I Wanted to decide on whether to go and watch Gippy or Aurangazeb movie. Both the Bollywood movies have been released recently. For fun, I wanted to choose this based on the Twitter trends and I wanted to kind of decide this based on the Verbs “Watch” and/or “Book” appearing on the Tweets , which is a implicit way people could describe or recommend an action over their tweets
In order to decide this, I did the following
. 1. Mine Twitter with hash tags for #Gippi and #AURANGAZEB (about 1500 tweets)
2. Each Tweet is parsed for its linguistics (NLP) and the Verbs are extracted(e.g Watch, Book)
* Here is a sample tweet[image] from Twitter
3. The tweets are then vectorised for a Supervised Machine learning training . For this training, the feature vectors will be the ‘Verbs’ along with the tweet text and the labels that I applied (generated) was ‘GO-GIPPI’ and ‘GO-AURANGAZEB’
4. A Machine learning algorithm based on K-Nearest Neighbour with Manhattan distance was trained on this data. [I also tried with Euclidean distance]
5. Once trained, I applied the test label ‘Watch and then ‘Book’ on the trained model and asked the Algorithm to predict its results (classification) as ‘GO-GIPPI’ and ‘GO-AURANGAZEB’ for the given label (which is actually an expected Verb in the tweet implying the recommendation)
6. To my surprise, for both the test labels (the Verbs) Watch and Book which actually means where people are writing Watch ‘X’ movie or Book ‘X’ movie , the Algorithm classified and recommended ’GO-AURANGAZEB’ as the result [see the results box of my program]
So, The twitter based recommendation algorithm pointed that I should go and Watch the AURANGAZEB movie!!
I quickly wanted to see if there is a quantification to this recommendation by my Machine learning ,predictive analytics program
To my Surprise, From this website , the Box office collections of Aurangazeb movie indicated that it is way higher than Gippi’s nox office collections which is perhaps a direct reflection that the film is doing well and more people go and watch it!! Isnt it?
As you can see from the below picture [excerpt of website screenshot], Aurangazeb had grossed Rs 14.7 Cr as against Gippy’s Rs 4.5 Cr.
Next I sampled a public recommendation from the yahoo answer website that again pointed to “AURANGAZEB” as the best movie!
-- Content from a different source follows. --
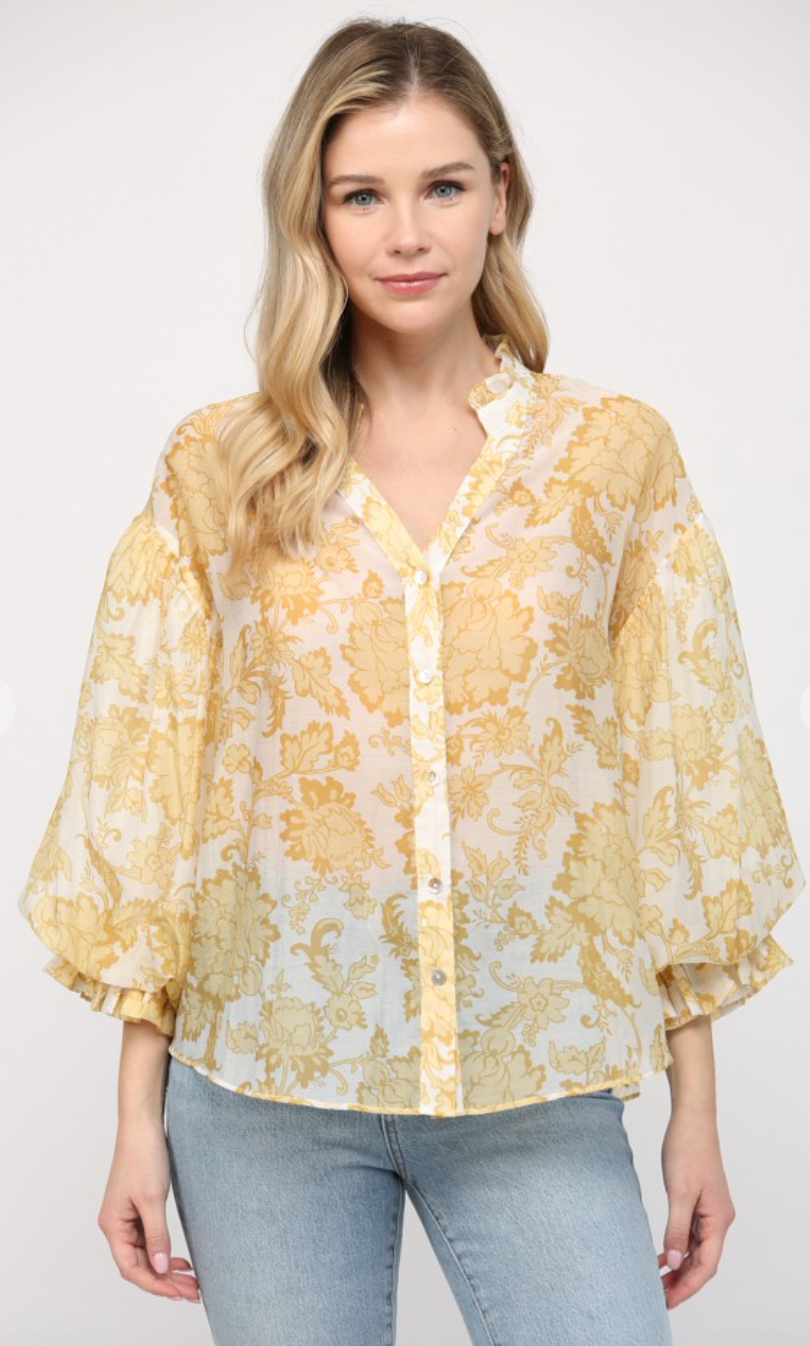 Yellow Floral Button Down Blouse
So from these public information , I validated that my program predicted from the twitter /tweets and recommended to go to “AURANGAZEB” which I am planning to see soon to really check !?
As I look for mining large volumes of twitter data and apply it to machine learning algorithms to make complex predictions, I am going to need more storage,RAM and processing power and Cloud will be the right place to make this happen. Obviously Amazon AWS is my choice!